Ecotoxicological effects of microplastics and cadmium on the earthworm Eisenia foetida
Researchers studied the effects of microplastics alone and combined with the heavy metal cadmium on earthworms over 42 days. They found that both exposures reduced growth and increased mortality, with the combined treatment causing the most damage through increased oxidative stress. The study also revealed that microplastics can increase cadmium accumulation in earthworms by up to 161%, suggesting microplastics may worsen heavy metal contamination in soil ecosystems.

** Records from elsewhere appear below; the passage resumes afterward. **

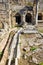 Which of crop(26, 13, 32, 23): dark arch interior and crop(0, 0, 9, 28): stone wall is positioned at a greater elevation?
crop(0, 0, 9, 28): stone wall

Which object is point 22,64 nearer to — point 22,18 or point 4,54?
point 4,54

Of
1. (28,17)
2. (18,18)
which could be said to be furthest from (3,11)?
(28,17)

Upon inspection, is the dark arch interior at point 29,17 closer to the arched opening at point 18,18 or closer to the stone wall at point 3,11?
the arched opening at point 18,18

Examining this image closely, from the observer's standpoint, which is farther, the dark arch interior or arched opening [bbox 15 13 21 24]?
the dark arch interior

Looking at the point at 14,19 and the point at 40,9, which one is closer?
the point at 14,19

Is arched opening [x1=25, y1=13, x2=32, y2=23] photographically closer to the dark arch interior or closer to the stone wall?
the dark arch interior

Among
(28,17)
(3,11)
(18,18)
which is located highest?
(3,11)

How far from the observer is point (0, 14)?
87.0ft

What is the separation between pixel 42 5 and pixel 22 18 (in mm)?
7676

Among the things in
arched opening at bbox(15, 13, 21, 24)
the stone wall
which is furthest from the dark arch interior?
the stone wall

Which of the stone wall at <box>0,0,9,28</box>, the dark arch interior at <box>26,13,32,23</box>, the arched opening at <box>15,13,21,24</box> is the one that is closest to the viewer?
the stone wall at <box>0,0,9,28</box>

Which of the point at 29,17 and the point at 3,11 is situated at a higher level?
the point at 3,11

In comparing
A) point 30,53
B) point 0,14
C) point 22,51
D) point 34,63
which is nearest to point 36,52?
point 30,53

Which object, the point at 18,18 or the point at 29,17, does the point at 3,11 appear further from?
the point at 29,17
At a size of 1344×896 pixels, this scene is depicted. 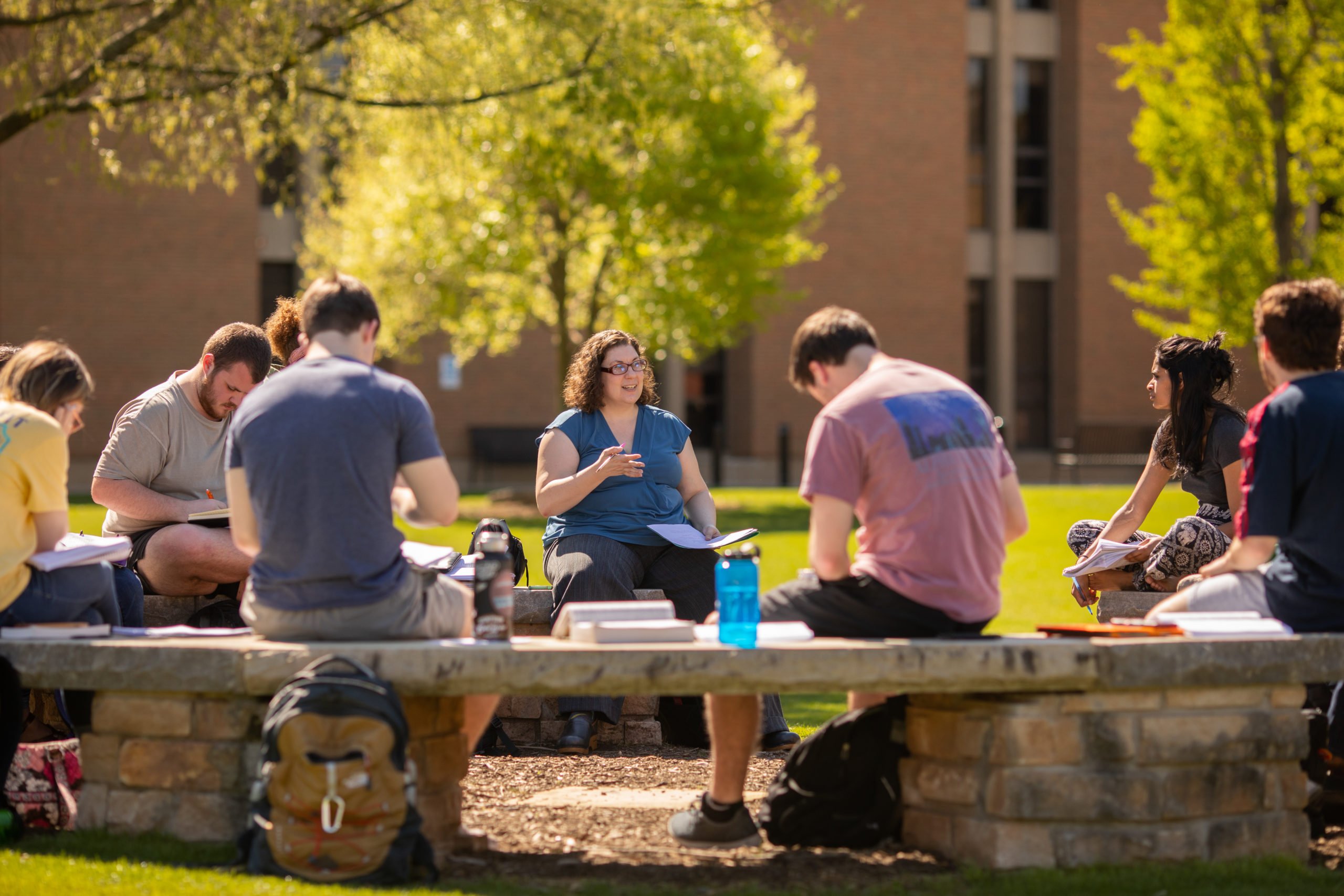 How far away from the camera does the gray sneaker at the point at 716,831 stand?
4.53 meters

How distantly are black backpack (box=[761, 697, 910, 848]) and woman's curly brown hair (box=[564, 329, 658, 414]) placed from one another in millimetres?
2470

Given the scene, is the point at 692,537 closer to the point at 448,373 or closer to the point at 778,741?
the point at 778,741

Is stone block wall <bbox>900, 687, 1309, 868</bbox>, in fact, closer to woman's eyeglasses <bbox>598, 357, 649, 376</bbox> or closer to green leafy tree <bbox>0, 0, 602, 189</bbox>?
woman's eyeglasses <bbox>598, 357, 649, 376</bbox>

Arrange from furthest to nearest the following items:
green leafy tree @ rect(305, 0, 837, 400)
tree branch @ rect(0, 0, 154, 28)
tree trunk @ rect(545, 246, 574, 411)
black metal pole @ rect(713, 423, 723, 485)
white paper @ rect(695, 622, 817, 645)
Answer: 1. black metal pole @ rect(713, 423, 723, 485)
2. tree trunk @ rect(545, 246, 574, 411)
3. green leafy tree @ rect(305, 0, 837, 400)
4. tree branch @ rect(0, 0, 154, 28)
5. white paper @ rect(695, 622, 817, 645)

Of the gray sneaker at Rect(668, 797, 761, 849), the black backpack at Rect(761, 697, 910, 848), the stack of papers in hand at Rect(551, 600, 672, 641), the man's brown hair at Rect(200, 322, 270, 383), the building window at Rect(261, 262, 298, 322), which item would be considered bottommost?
the gray sneaker at Rect(668, 797, 761, 849)

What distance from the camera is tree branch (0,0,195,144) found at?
10617mm

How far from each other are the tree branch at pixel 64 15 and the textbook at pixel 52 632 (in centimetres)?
764

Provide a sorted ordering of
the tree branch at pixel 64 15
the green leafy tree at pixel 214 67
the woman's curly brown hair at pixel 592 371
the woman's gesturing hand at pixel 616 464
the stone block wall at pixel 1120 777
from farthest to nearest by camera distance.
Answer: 1. the green leafy tree at pixel 214 67
2. the tree branch at pixel 64 15
3. the woman's curly brown hair at pixel 592 371
4. the woman's gesturing hand at pixel 616 464
5. the stone block wall at pixel 1120 777

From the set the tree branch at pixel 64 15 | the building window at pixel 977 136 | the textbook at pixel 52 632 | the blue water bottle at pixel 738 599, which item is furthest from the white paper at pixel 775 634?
the building window at pixel 977 136

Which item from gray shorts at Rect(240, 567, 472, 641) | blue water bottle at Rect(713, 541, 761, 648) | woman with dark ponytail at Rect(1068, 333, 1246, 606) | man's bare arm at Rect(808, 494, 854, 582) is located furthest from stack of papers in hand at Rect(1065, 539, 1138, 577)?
gray shorts at Rect(240, 567, 472, 641)

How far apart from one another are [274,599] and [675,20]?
404 inches

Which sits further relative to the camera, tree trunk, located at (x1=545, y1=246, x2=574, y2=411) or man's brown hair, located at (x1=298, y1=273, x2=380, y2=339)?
tree trunk, located at (x1=545, y1=246, x2=574, y2=411)

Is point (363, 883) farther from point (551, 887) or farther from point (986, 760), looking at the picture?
point (986, 760)

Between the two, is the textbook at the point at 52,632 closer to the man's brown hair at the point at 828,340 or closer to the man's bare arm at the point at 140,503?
the man's bare arm at the point at 140,503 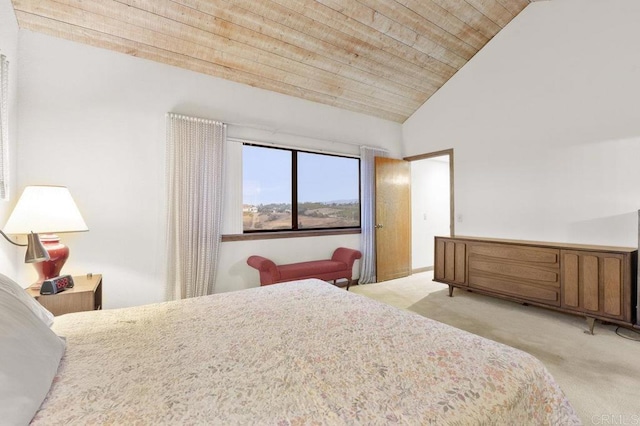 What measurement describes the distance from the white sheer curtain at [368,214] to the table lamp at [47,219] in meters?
3.48

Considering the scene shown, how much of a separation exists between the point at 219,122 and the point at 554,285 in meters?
4.04

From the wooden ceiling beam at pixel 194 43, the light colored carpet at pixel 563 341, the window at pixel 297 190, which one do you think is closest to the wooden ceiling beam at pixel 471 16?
the wooden ceiling beam at pixel 194 43

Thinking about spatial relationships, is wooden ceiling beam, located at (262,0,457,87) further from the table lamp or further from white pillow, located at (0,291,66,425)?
white pillow, located at (0,291,66,425)

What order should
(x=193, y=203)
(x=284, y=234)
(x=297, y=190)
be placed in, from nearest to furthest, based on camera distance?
1. (x=193, y=203)
2. (x=284, y=234)
3. (x=297, y=190)

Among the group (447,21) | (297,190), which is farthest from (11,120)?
(447,21)

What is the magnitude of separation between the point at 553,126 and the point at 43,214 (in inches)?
197

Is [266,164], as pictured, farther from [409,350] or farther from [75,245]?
[409,350]

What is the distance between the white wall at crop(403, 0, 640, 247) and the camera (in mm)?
2979

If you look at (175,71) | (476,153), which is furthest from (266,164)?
(476,153)

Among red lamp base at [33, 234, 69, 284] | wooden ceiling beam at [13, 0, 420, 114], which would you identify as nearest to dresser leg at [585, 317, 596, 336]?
wooden ceiling beam at [13, 0, 420, 114]

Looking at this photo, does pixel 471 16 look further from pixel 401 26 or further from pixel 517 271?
pixel 517 271

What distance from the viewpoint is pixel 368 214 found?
4629mm

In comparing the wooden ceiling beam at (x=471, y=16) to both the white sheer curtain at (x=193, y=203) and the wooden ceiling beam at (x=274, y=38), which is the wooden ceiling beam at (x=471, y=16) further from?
the white sheer curtain at (x=193, y=203)

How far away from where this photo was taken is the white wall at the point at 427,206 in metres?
5.57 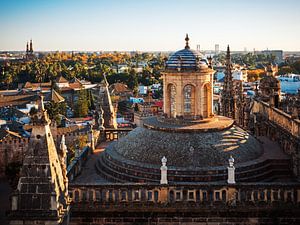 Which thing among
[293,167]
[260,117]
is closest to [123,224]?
[293,167]

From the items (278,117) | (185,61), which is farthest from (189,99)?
(278,117)

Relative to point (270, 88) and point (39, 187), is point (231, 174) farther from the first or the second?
point (270, 88)

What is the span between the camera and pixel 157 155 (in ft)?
61.8

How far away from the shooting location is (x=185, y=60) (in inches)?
814

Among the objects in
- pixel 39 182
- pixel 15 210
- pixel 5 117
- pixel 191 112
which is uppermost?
pixel 191 112

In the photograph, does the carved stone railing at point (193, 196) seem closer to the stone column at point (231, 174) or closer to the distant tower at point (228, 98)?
the stone column at point (231, 174)

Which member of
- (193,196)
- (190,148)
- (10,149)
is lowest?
(10,149)

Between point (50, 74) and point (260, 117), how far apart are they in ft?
523

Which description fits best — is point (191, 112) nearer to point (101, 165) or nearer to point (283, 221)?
point (101, 165)

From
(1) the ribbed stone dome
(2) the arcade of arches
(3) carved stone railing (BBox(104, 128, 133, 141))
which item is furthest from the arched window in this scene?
(3) carved stone railing (BBox(104, 128, 133, 141))

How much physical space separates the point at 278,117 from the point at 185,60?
6.57m

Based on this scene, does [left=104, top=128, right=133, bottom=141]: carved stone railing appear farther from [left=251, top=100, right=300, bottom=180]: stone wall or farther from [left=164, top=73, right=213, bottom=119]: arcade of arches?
[left=251, top=100, right=300, bottom=180]: stone wall

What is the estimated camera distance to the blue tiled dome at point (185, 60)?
20562 mm

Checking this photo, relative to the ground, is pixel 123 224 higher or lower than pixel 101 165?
lower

Joint toxic effects of polystyrene nanoparticles and organochlorine pesticides (chlordane and hexachlorocyclohexane) on Caenorhabditis elegans
Joint exposure to polystyrene nanoplastics and organochlorine pesticides (chlordane and HCH) in the roundworm C. elegans caused greater toxicity than either pollutant alone, suggesting synergistic interactions. These findings highlight the importance of studying combined pollutant effects rather than individual chemicals in isolation.
Toxicological effects of polystyrene microplastics on earthworm (Eisenia fetida)
Researchers exposed earthworms to two sizes of polystyrene microplastics in soil for 14 days and found evidence of intestinal cell damage, oxidative stress, and DNA damage. The larger particles accumulated more in earthworm intestines, while both sizes triggered changes in key antioxidant markers. The study demonstrates that microplastic contamination in soil can cause measurable biological harm to important soil organisms.